▸ Exercise materials:
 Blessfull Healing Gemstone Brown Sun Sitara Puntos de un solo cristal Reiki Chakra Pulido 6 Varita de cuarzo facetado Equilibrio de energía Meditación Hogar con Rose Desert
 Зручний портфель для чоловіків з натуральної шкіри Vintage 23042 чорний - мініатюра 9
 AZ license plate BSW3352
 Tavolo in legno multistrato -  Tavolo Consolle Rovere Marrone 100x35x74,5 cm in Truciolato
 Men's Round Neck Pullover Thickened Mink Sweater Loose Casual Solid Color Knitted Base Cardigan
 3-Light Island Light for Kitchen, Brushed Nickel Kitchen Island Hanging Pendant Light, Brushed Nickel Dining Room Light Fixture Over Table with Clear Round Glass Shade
--
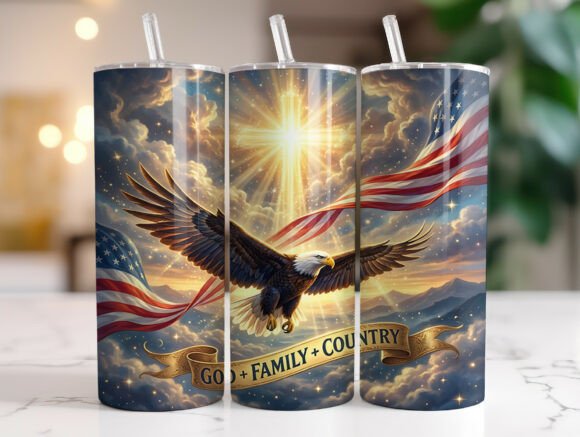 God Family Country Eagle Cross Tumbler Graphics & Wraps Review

▸ Exercise requirements: Everything in the material above from the line that has "Tavolo in legno" through the line that has "3-Light Island Light" must be duplicated exactly, with no other lines given.

▸ Solution to this task:
 Tavolo in legno multistrato -  Tavolo Consolle Rovere Marrone 100x35x74,5 cm in Truciolato
 Men's Round Neck Pullover Thickened Mink Sweater Loose Casual Solid Color Knitted Base Cardigan
 3-Light Island Light for Kitchen, Brushed Nickel Kitchen Island Hanging Pendant Light, Brushed Nickel Dining Room Light Fixture Over Table with Clear Round Glass Shade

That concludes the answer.